Considering the way Marie Curie died, one would imagine her partner in science and love, Pierre, would have the same radioactive end. His demise was much quicker: on April 19, 1906—just three years after winning the Nobel Prize with Marie—Pierre was crossing a busy Parisian street when he tripped, fell, and was promptly crushed to death (headfirst) by the wheels of a horse cart. According to his father and an assistant, Pierre was usually somewhat absent-minded, which could have led to him carelessly stepping out into the street without looking.
Marie Curie’s daughter and son-in-law also died of radiation poisoning. After Nobel prizes, this seems to be the second thing that ran in their family.
At her bedside, Marie kept a vial of radium as her night light. That midnight reading better have been worth it…
Albert Einstein and Marie Curie remained close friends for almost 25 years. In addition to attending those fancy smart people events, the pals just liked to have fun and take their families together for hikes on the Swiss Alps. I want to see that road trip movie.
Long after Marie Curie ended her affair with Paul Langevin—in fact, two generations after—her granddaughter and his grandson got married. For the record, the granddaughter, Hélène Langevin-Joliot, followed the family footsteps to become a nuclear physicist, just like her husband, Michel Langevin.

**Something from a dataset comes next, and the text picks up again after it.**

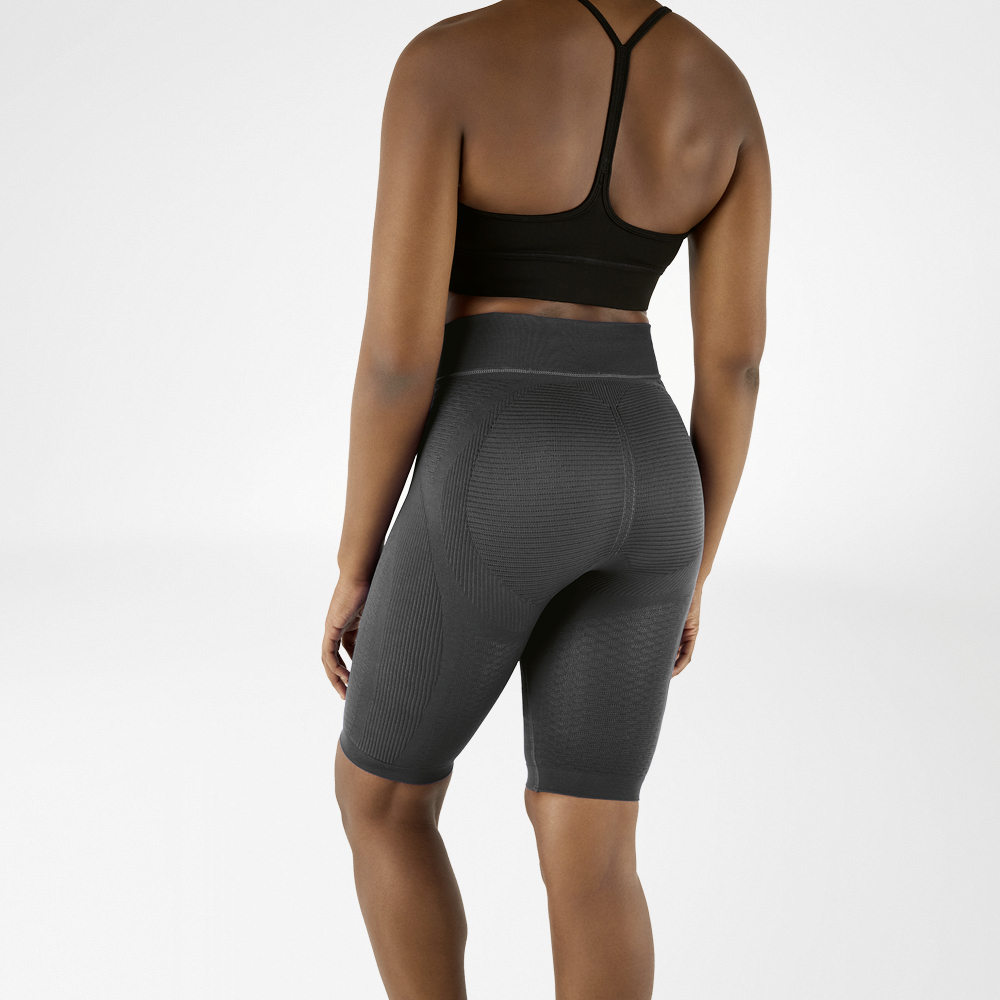  Donna fotografata da dietro con reggiseno sportivo nero e leggings a compressione color antracite al ginocchio.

At the time of their investigations, Marie and Pierre Curie had no idea that radium could be so hazardous to human health—to be fair, they literally just discovered it… As a result, they were horrifyingly blasé about the substance. She would literally just walk around with bottles of radium in her pockets. At night, the couple would release the day’s tension by visiting their workroom and basking in the whimsical glow of their lab. As it was described in Marie’s autobiography, “all sides the feebly luminous silhouettes of the bottles of capsules containing our products […] The glowing tubes looked like faint, fairy lights." What a romantic way to get lymphoma.
In her youth, Marie became star-crossed lovers with the future acclaimed mathematician, Kazimierz Zorawski. At the time, Marie was working as a governess in his parents’ household. While they talked of marriage, she was too poor to be a good prospect for his family, and the affair was ended. The separation was mutually painful. Even after Zorawski became an esteemed professor at Warsaw Polytechnic, Marie’s now-elderly sweetheart would seat himself in front of her statue at the Radium Institution and stare at it wistfully.